Jail: Jihad’s New Recruitment Center

Jail: Jihad’s New Recruitment Center

By Tamara Dickey

Reintegration of ex-Violent Extremists (VE) rarely occurs without intervention programs, many of which include forms of deradicalization and/or disengagement from terrorist organizations.  Most often states’ primary engagement with VEs is when they are detained or in prison.  Unfortunately, a broad general analysis of prisons has shown that many lack policies, capacity, and intention in their role on Countering Violent Extremists (CVE).  Prisons, in both Western and non-Western states, have recently been identified as incubators for terrorist if detainees and prisoners are not handled tactically.  Detention centers, in Iraq, Afghanistan, and Guantanamo Bay, have also been coined terrorist universities (Thompson), pressure cookers for extremism, and centers for jailhouse Islam.

The structure and organization of prisons and detention centers has been identified as a key problem in Countering Violent Extremists (CVE), mainly the issue of consolidating large groups of offenders together.  By grouping vulnerable low level offenders with already radicalized VEs the manifestation of mass radicalization was allowed to transpire.  According to a prison guard who spoke to the New York Times, training and the capacity for controlling this particular environment of potential radicalization did not occur.  “We are not really trained or prepared in any way to deal with religious radicalism […]. If we have such a hard time regulating something as simple as cigarettes, how do you expect us to regulate something as abstract as ideas, as religion” (Thompson).

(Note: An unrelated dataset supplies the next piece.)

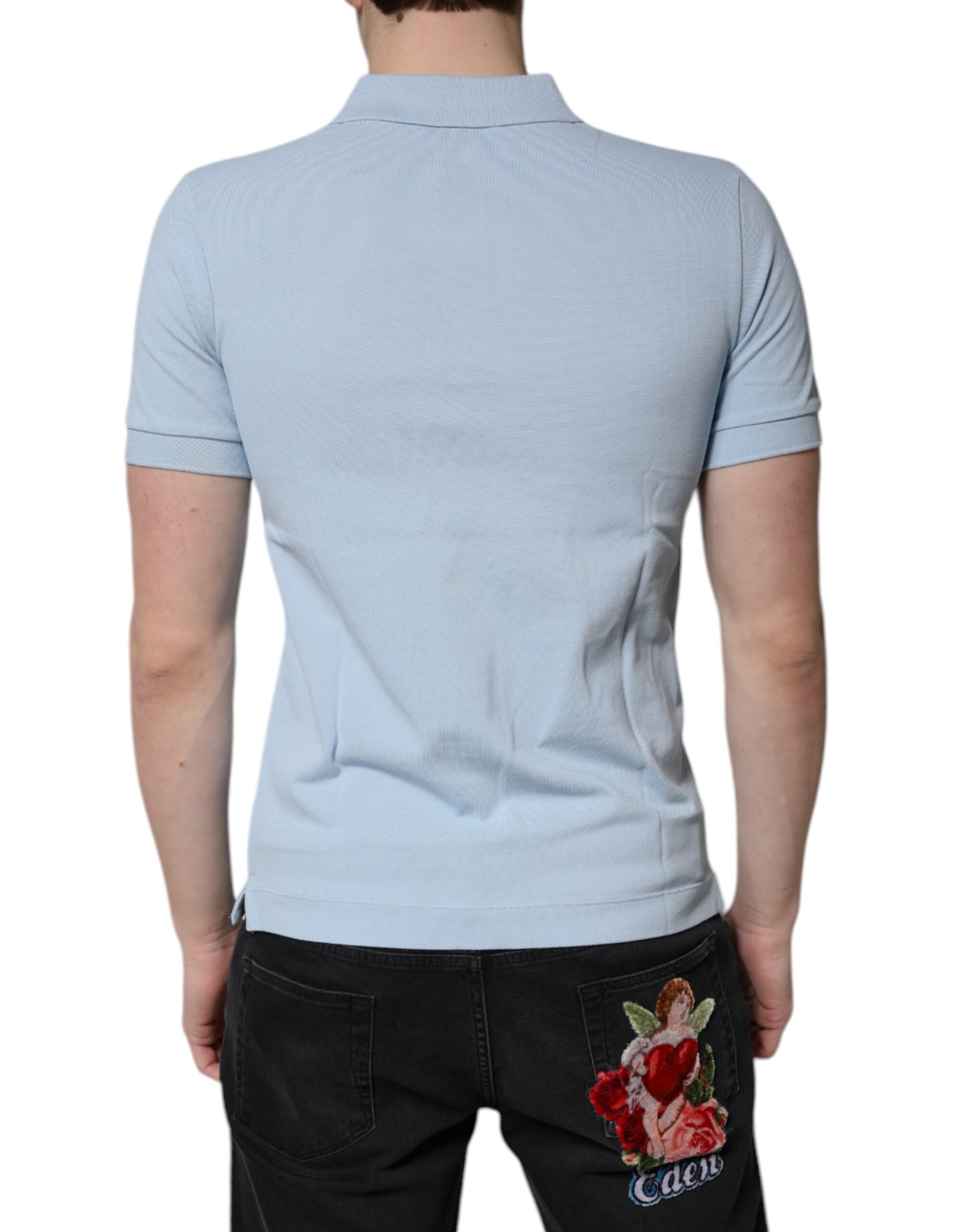 Blue polo shirt with short sleeves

In the case of these detention centers, prison authorities were ill equipped to understand the radicalization process.  Guards lacked the training and expertise to control the radicalization efforts within the centers.  Prison infrastructure and the capacity to handle massive numbers of detainees was also a critical problem. Coalition prisons, as an example, soon became a free training ground for recruitment and radicalization.

Critics have pointed to high profile cases of terrorists who can be traced back to detention centers and prisons, as examples of failed CVE actions.  For example:

  • 9 members of the Islamic State’s top command were held at Camp Bucca, a detention center that struggled with rapid radicalization of detainees (Barrett 20).
  • Saïd and Chérif Kouachi, the brothers responsible for the violent assault on satirical magazine Charlie Hebdo are suspected of being radicalized in a French prison (Temple-Raston).
  • Department of National Intelligence estimates that 30% of Guantanamo Bay detainees, both confirmed and suspected re-engagement, have “re-engaged” with terrorist groups (“Summery of the Reengagement of Detainees Formally Held at Guantanamo Bay, Cuba”).

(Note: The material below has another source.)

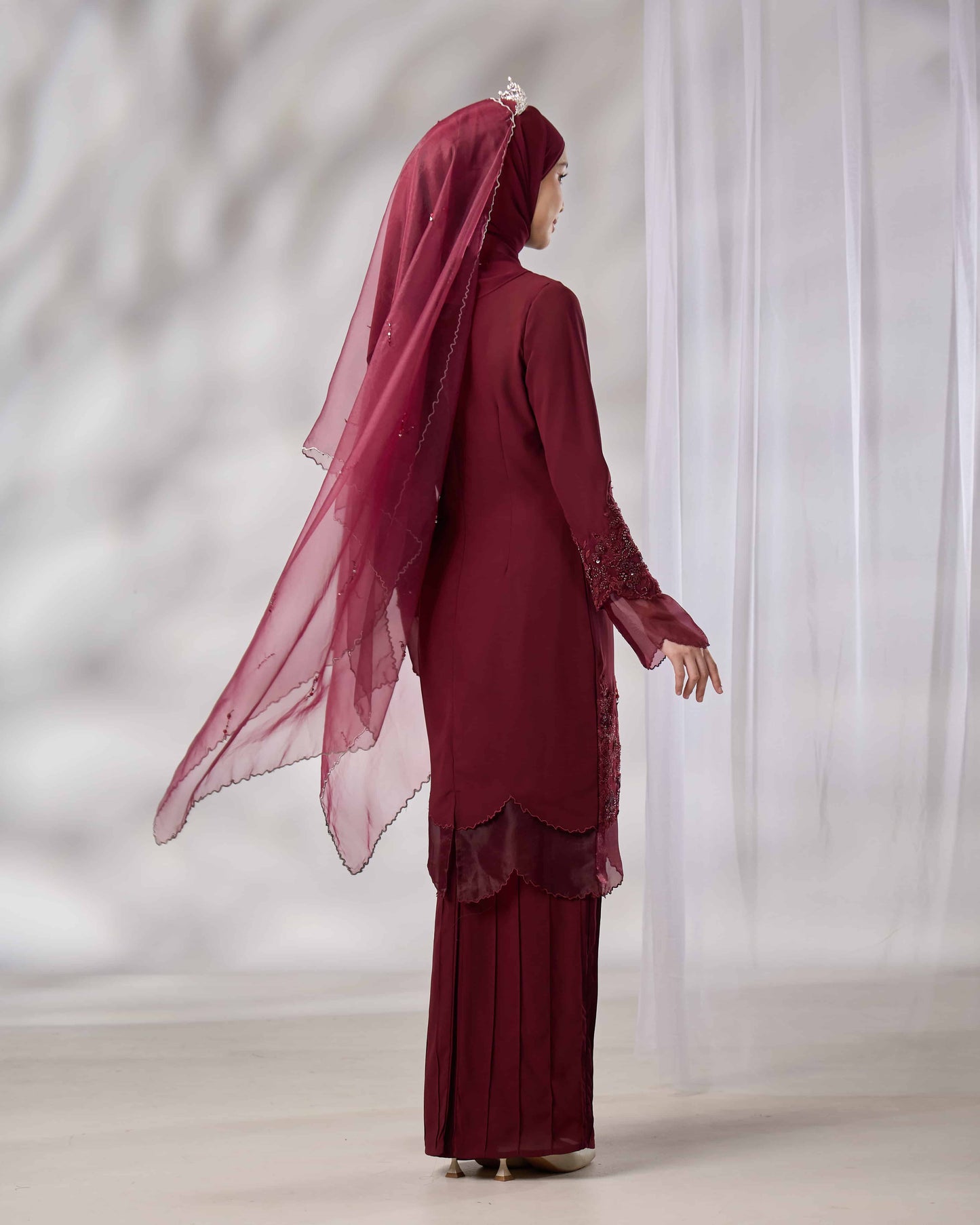 MINOR DEFECT DARIYA BRIDE KURUNG (BURGUNDY)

Analysis of United States’ detention centers in the Middle East found gross overpopulation, as well as a lack of policy regarding detainee radicalization and reintegration as a leading problem in recidivism.  Andrew Thompson, a veteran of Operation Iraqi Freedom wrote in a New York Times article “the United States must convince its regional partners to avoid mixing radicals and moderates, and provide alternatives to prison for small-scale criminals. If we continue to replay the history of mass incarceration in the Middle East, we will remain stuck in the current cycle where our counterterrorism efforts create more terrorists” (Thompson).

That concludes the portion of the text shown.